I have been feeling the need to imbibe my own writing and what I try to say through it more than ever, to inculcate that state of awareness like a song I know by birth.
It is relatively easier to live life and deal with its shenanigans when you are mentally sitting in a holistic worldview and an expansive state of mind, where you see the duality of life and appreciate it rather than getting caught up on either side and enter the slippery slopes of mental hell.
But we are humans and this is life, and knowing about things is one thing and actively choosing to believe in those things as reality catches up is another…
So during days when I have felt caught up in my head about "earth-life things", I find myself locked in a mental room of all the hell stories I have created overtime about my life, from a time that I didn’t know any better, though some stories were important for me to live through and others I should’ve forgotten by now.
Even though I have long recognised these stories for what they are – an exhausting playground for my mental energy, I sometimes find myself right in the middle of these stories, like you know... you blink and you’re in one scene and then you blink again and you’re in another, and no matter how many times you blink, you fail to cut to a fresh new perspective even though you’re desperately looking for it, and you desperately know that perspective exists.

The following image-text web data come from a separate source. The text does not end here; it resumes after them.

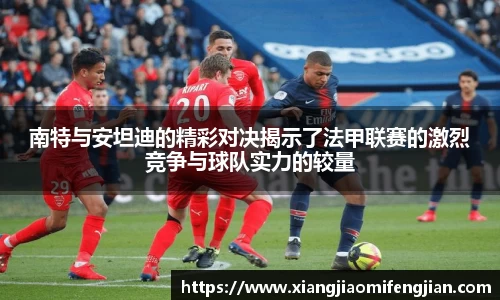 南特与安坦迪的精彩对决揭示了法甲联赛的激烈竞争与球队实力的较量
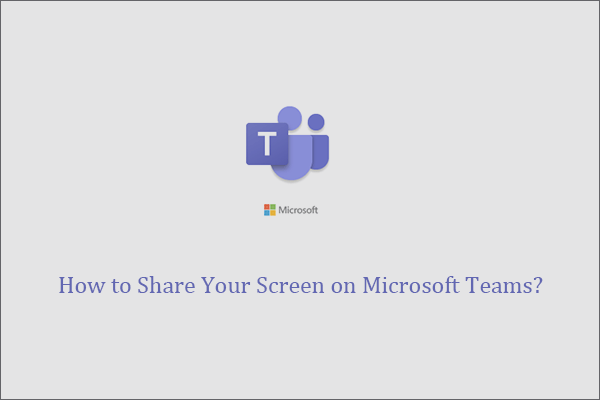 how to share screen on Teams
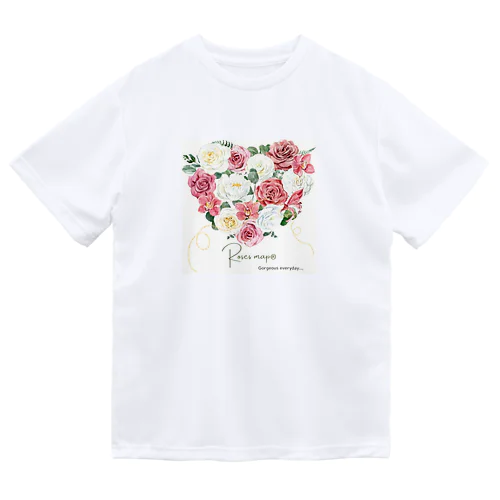 ハートに薔薇を詰め込んで。 Dry T-Shirt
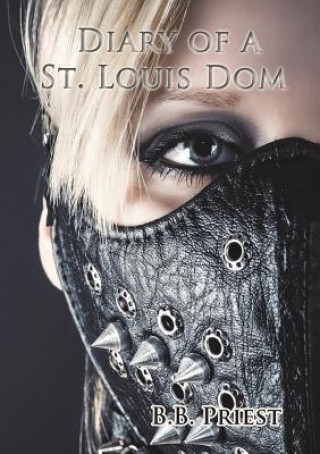 Buch Diary of a St. Louis Dom B.B. PRIEST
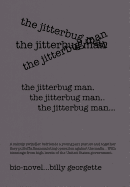 The Jitterbug Man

It feels like trying to get into a room that you have been denied access to, and you swear you know better than to be stuck in this story and that you have some psycho-spiritual explanation right at the tip of your tongue to make it all a bit more bearable, but you just can’t seem to place the right words, like it’s a code that you remember vaguely yet have a vivid memory of how it feels, and you’re betting on it to get you out of that mental room.
moving on,
Let’s say at some point, when I have pondered enough on it, I finally have the right thing to say to myself to comfort the part of me that struggles to see the light and I try to remember life outside of that mental room and hold on to it as I attempt to convince my own mind to let that door open and let me out.

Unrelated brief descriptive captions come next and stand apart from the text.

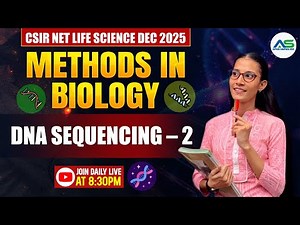 DNA SEQUENCING-2 | METHODS IN BIOLOGY | CSIR-NET LIFESCIENCE DEC 2025 #apnasapnajrf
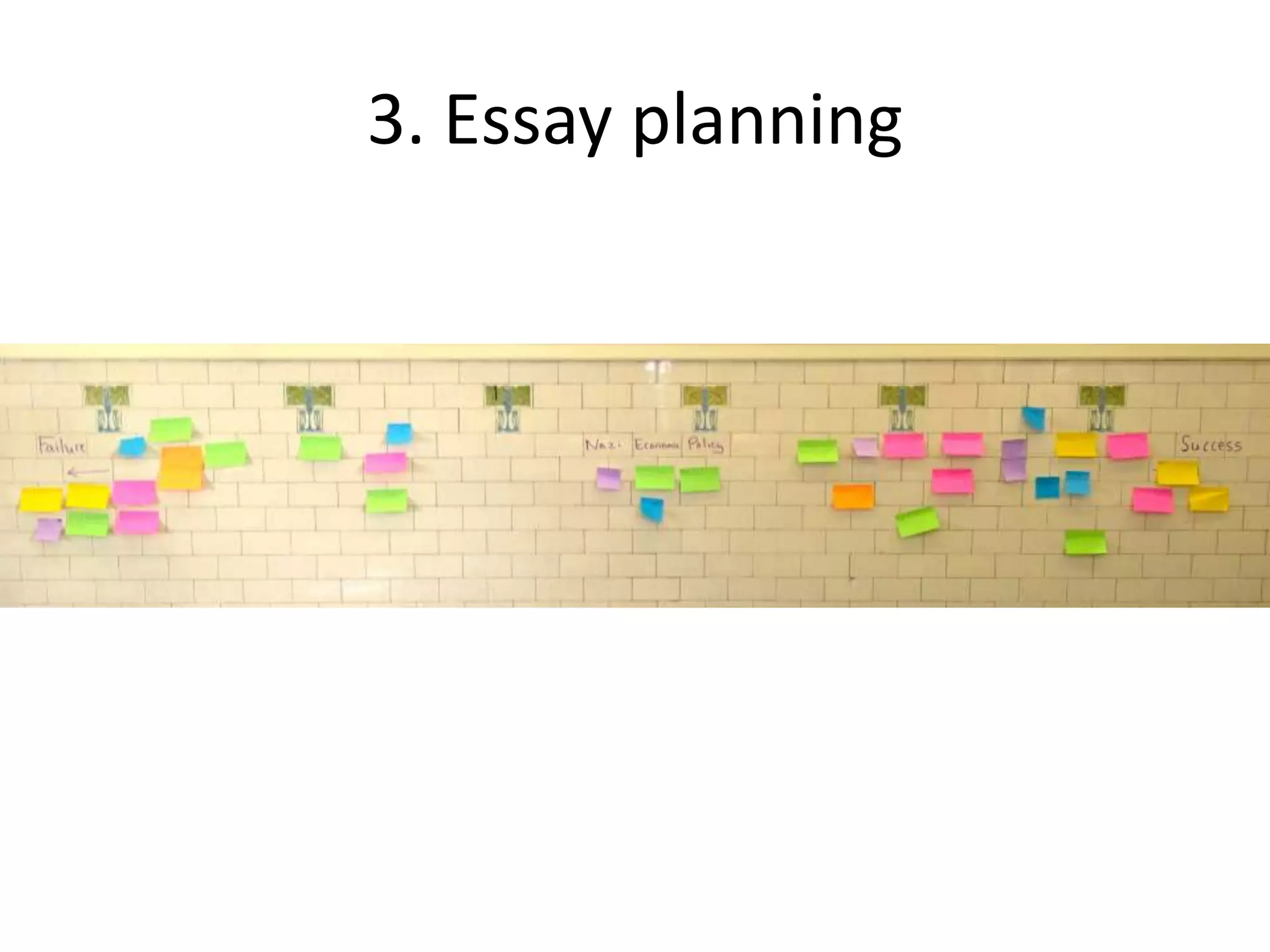 3. Essay planning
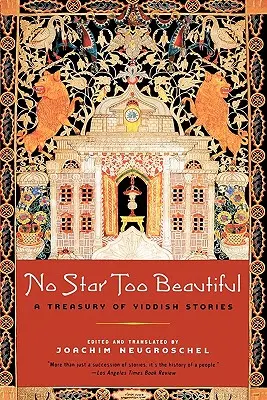 No Star Too Beautiful: Cuentos en yiddish desde 1382 hasta nuestros días - No Star Too Beautiful: Yiddish Stories from 1382 to the Present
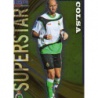 Colsa Superstar Brillo Liso Racing 322 Las Fichas de la Liga 2012 Official Quiz Game Collection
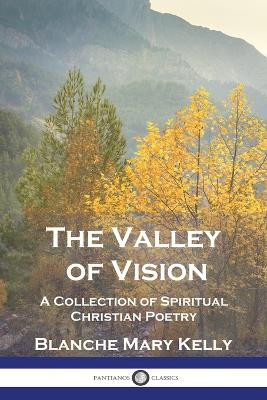 The Valley of Vision: A Collection of Spiritual Christian Poetry by Blanche Mary Kelly 9781789875249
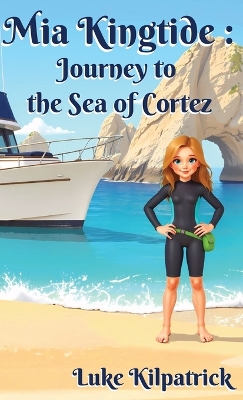Mia Kingtide - Journey to the Sea of Cortez: A Story of Discovery, Adventure, and the Fight to Protect Our Oceans!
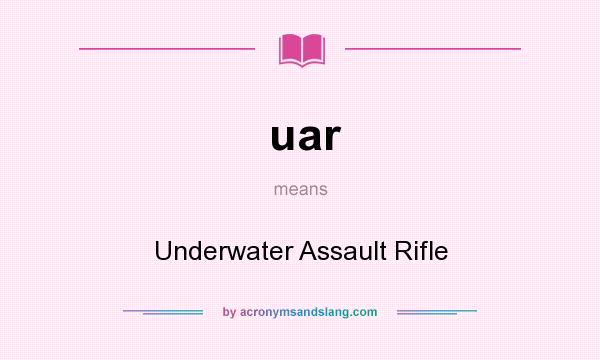What does uar mean? It stands for Underwater Assault Rifle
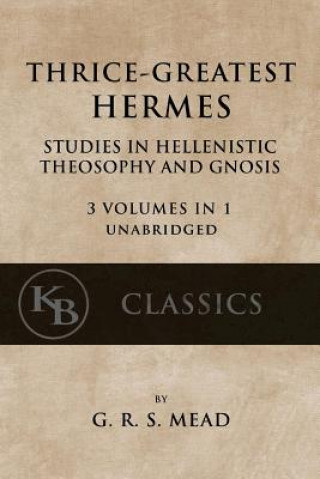 Könyv Thrice-Greatest Hermes: Studies in Hellenistic Theosophy and Gnosis [3 volumes in 1, unabridged] G R S Mead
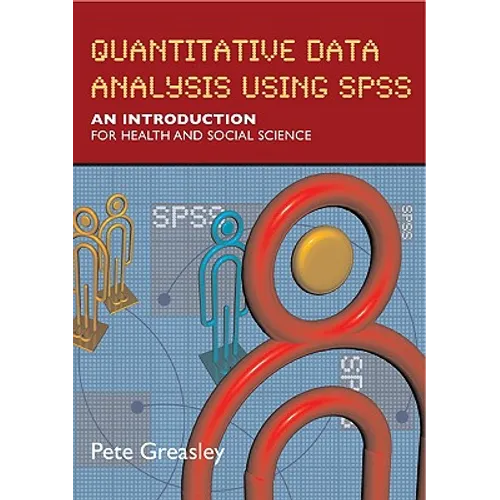 Quantitative Data Analysis Using SPSS: An Introduction for Health & Social Science - Paperback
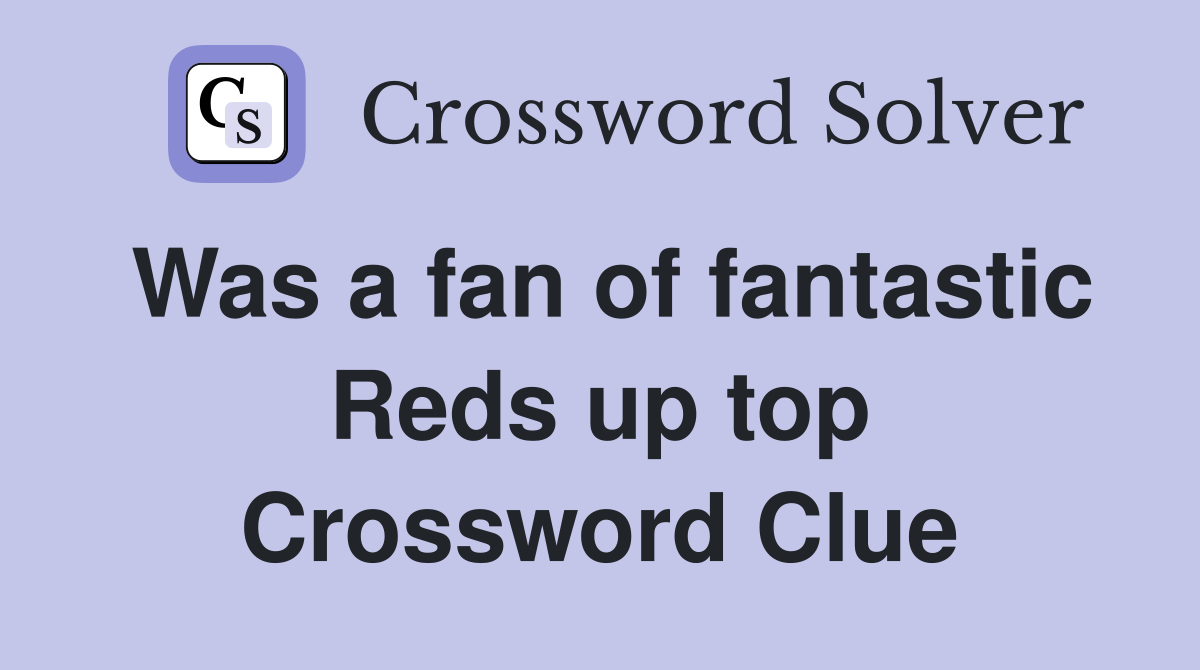Was a fan of fantastic Reds up top Crossword Clue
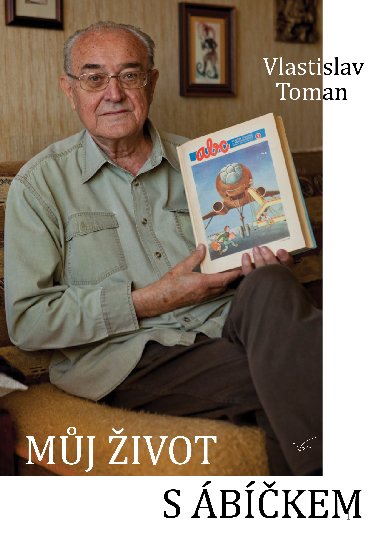 Mj ivot s bkem - Vlastislav Toman 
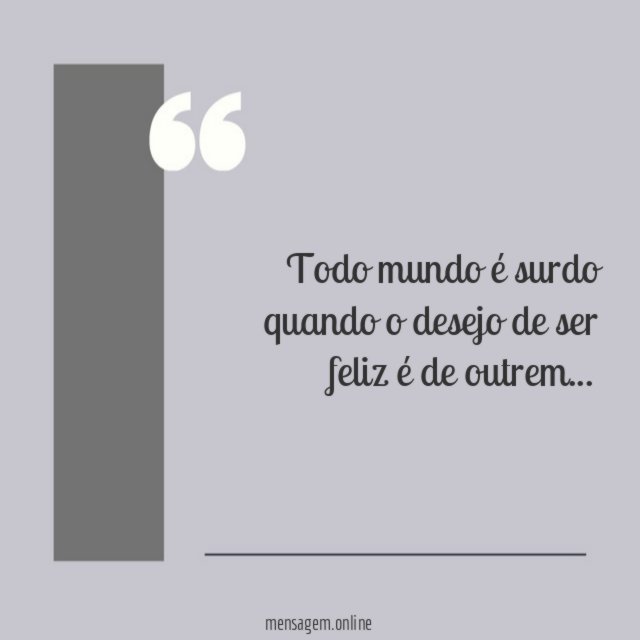 Todo mundo é surdo quando o desejo de ser feliz é de outrem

I realise that my words don’t have much of an affect… it felt like I had found the keys and I put it in the lock but I realised that it doesn’t quite fit right, mostly because I am trying to appeal to a part of myself that doesn’t want to be appealed to, and all of my realisations of my life from a higher place of awareness seem incompetent at this point to help me out of my own creation, my own story, my own mental room.

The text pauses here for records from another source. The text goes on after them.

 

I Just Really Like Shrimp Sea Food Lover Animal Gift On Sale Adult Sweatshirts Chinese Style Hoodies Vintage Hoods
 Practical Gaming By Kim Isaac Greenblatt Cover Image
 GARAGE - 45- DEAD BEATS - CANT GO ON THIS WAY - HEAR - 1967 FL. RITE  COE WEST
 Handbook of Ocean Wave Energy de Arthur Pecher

So how does one deal with an experience that is familiar to the point where it feels like a weed that catches up no matter how many times you thought you outgrew it?
As I wrap this piece up, I did eventually find myself out of that room and I’d be lying if I say I know how I got here but what does help is accepting that if I try to appeal to any parts of myself during adverse emotions and rationalise them, it creates this space between me and what I am feeling in the moment and that makes it harder to let that moment pass by.
I dont know what part of the people reading this am i appealing to but in case you find yourself in a mental catastrope, attempt to accept the experience because when you decide to give up control, you will in some prospective, and enigmatically cosmic way have it.